By Callum McCarthy

Fulham’s unbeaten record was laid to rest on Saturday after the most debated decision of the new season didn’t go their way.

The new offside rule states that as long as a player is not interfering with play, he cannot be in an offside position. With so much left to interpretation, individual linesmen and referees each have their own opinions on what constitutes interference. The level of impact a player is allowed whilst behind enemy lines is always disputed, but it is often felt that as long as a player doesn’t touch the ball, he’s kosher.

Tottenham’s winner came with half an hour remaining, but it was Fulham who took the lead on the half-hour thanks to Clint Dempsey’s intelligent play. Holding off two Spurs defenders, Dempsey made the opening and slid the ball to Diomansy Kamara who tapped in from close range.

Spurs replied immediately however. A Rafael Van Der Vaart chip struck the Fulham crossbar and fell into the lap of Roman Pavyluchenko, whose goal tally looks surprisingly healthy this season — 6 goals in 10 games — despite his average play.

Diomansy Kamara was later booked for whispering “sweet nothings” into various Spurs players’ ears.

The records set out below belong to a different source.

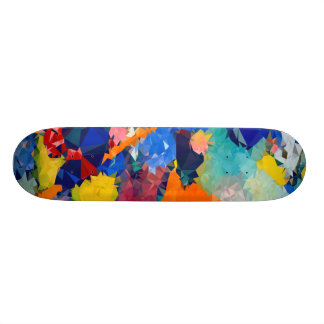 Laagpoly Red & Blue Skateboards 17¾"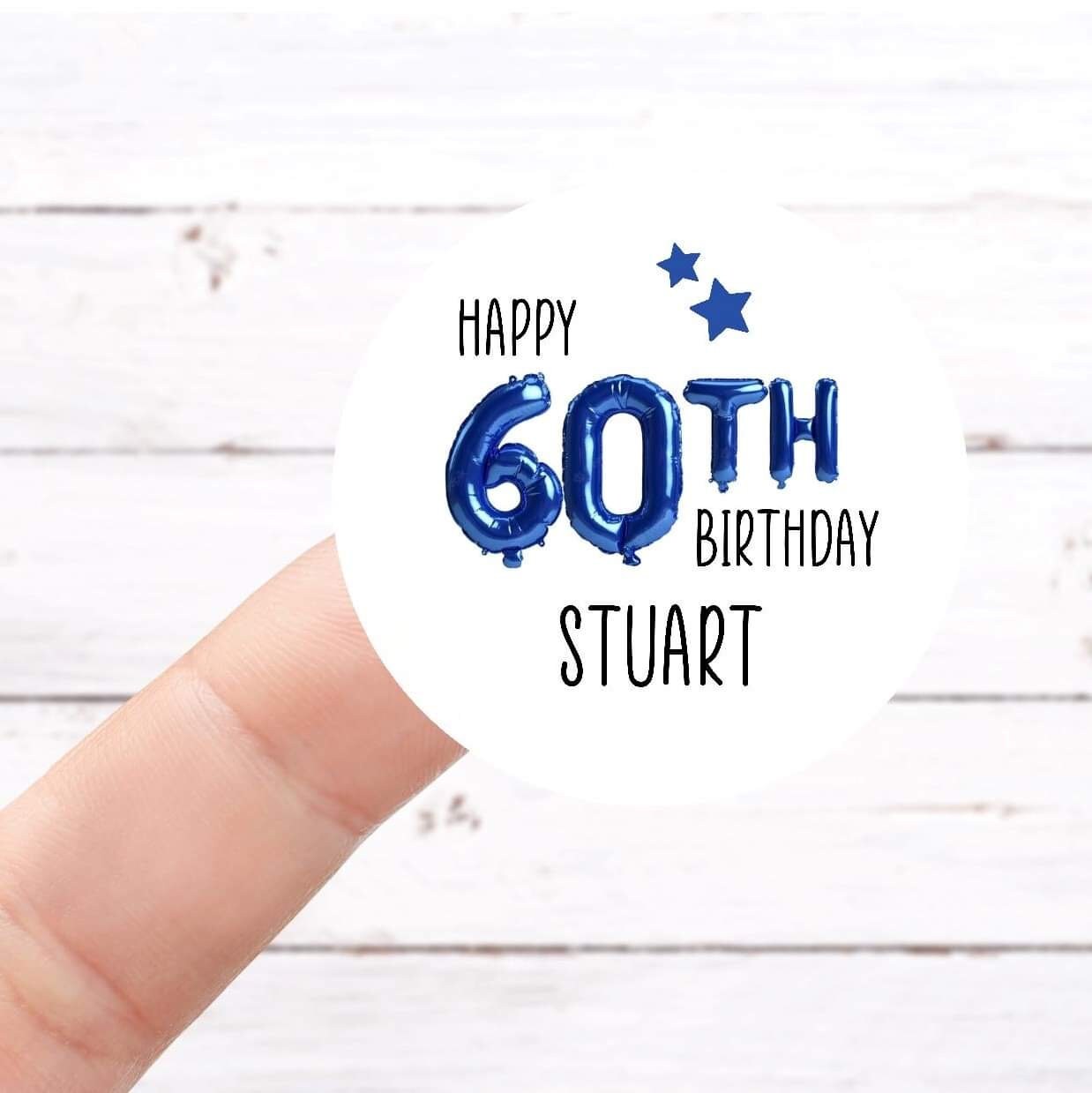 Personalised Milestone Birthday Stickers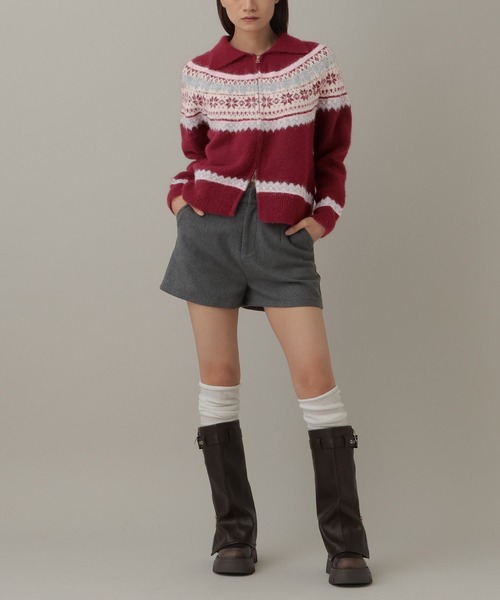 3.3 Field Trip （3.3フィールドトリップ）の「3.3 Field Trip／ノルディックZIPプルオーバー（ニット/セーター・レディース・その他1/ベージュ/グレー・FREE）」の17枚目の写真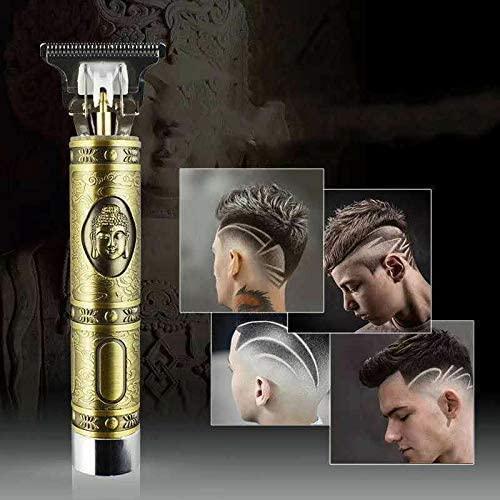 Hair Trimmer For Men Buddha Style Trimmer, Professional Hair Clipper, Adjustable Blade Clipper, Hair Trimmer and Shaver,Retro Oil Head Close Cut Precise hair Trimming Machine (Golden) Personal Care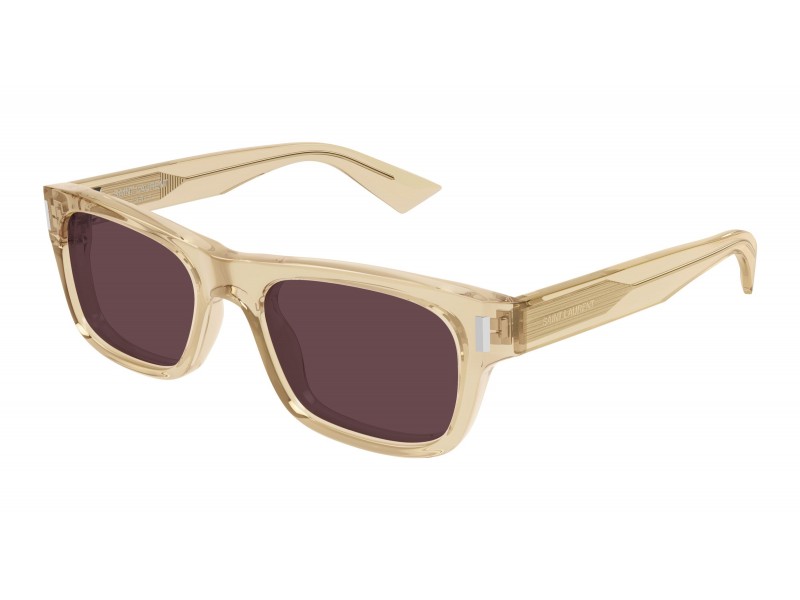 Saint Laurent SL83 005 napszemüveg sárga/lila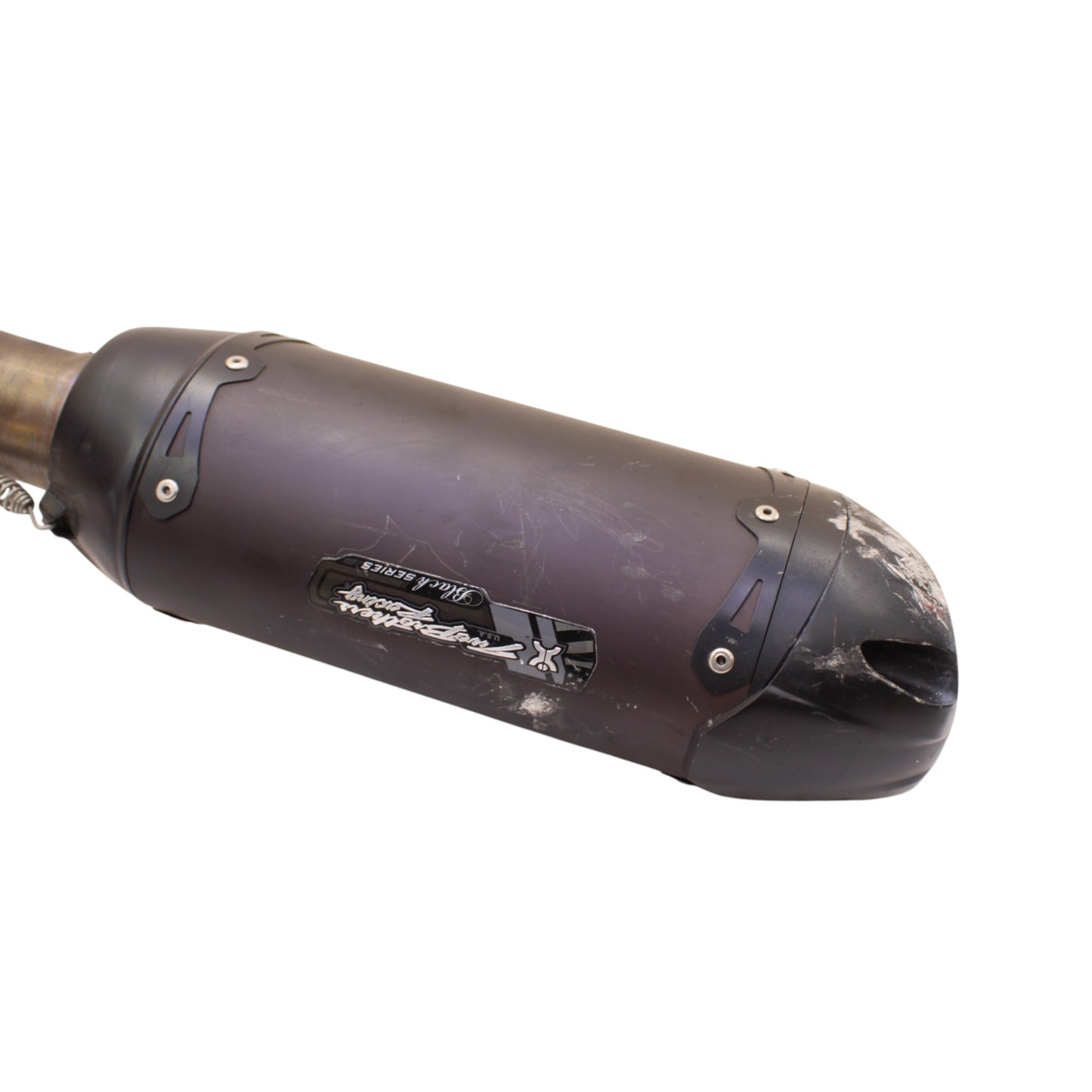 2020 - 2024 YAMAHA YZF R1 R1M EXHAUST MUFFLER HEADERS MANIFOLD TWO BROTHERS RACING BLACK SERIES *DENTED*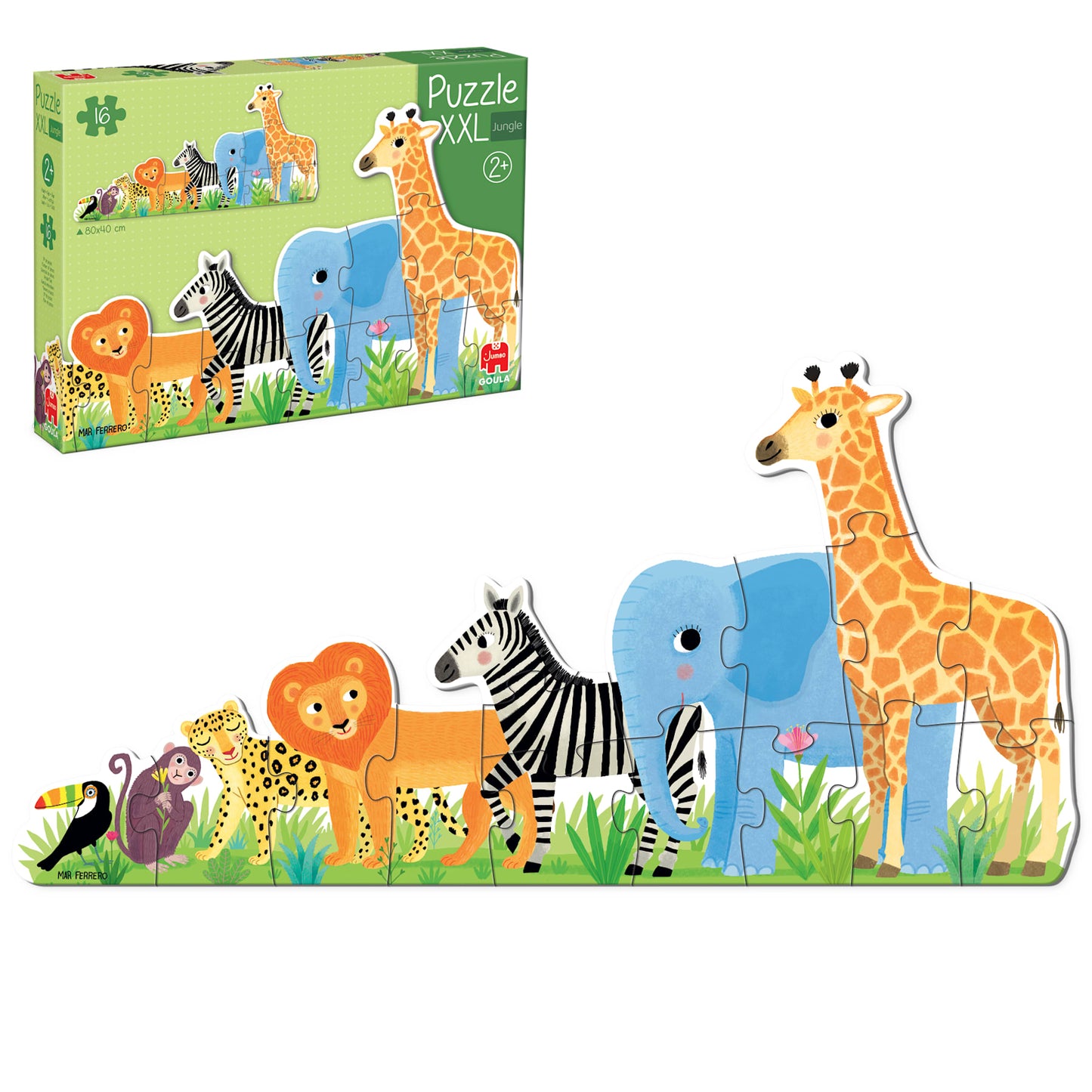 Goula - Puzzel XXL Jungle Van Klein Tot Groot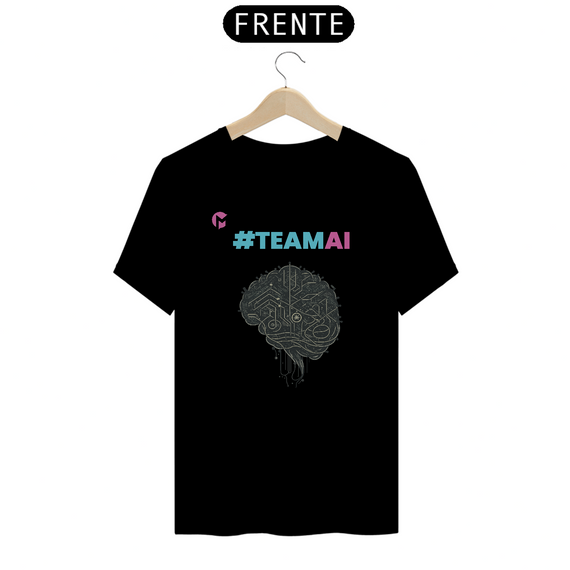Camiseta Cérebro IA - ML Preta
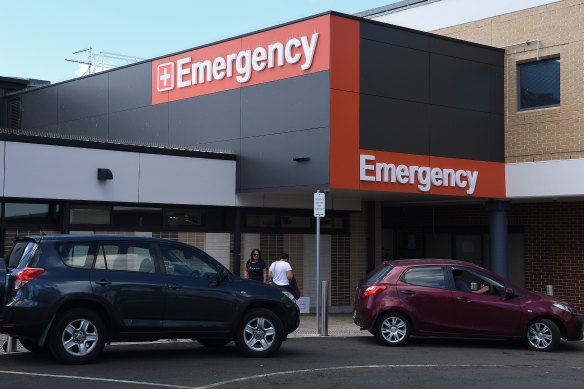 A file photo of the Bankstown Hospital Emergency Room building.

Spurs’ winner would come after the break. After Spurs corner was spat out by the Fulham defence, Tom Huddlestone was like a dog on raw meat at the edge of the area. From 25 yards out, his shot went hard and low through a crowd of bodies and beat Schwarzer at his left-hand post. It was a truly stunning goal, but the positioning of William Gallas in an offside position had the linesman’s flag up immediately.

After much discussion, Mike Dean allowed the goal, presumably on the grounds that Gallas was not “interfering with play”.

Even after a plethora of replays, it was a call that looked almost impossible to get 100% correct. Even though Gallas was not blocking Fulham ‘keeper Mark Schwarzer’s view of the ball, his mere presence was interfering with Schwarzer’s train of thought. Fulham manager Mark Hughes looked to plug this theory in his post-match interview.

“Mark Schwarzer has to hold his position until the ball actually reaches where Gallas is,” Hughes said, “because he is thinking that at some point Gallas may stick out a toe and deflect it. To say he is not interfering and not in the goalkeeper’s eyeline is completely at odds with the truth.”

Interference or no interference, the goal stood, and Tottenham now move on to the San Siro, where their crucial Champions League game with Internazionale on Wednesday will be played.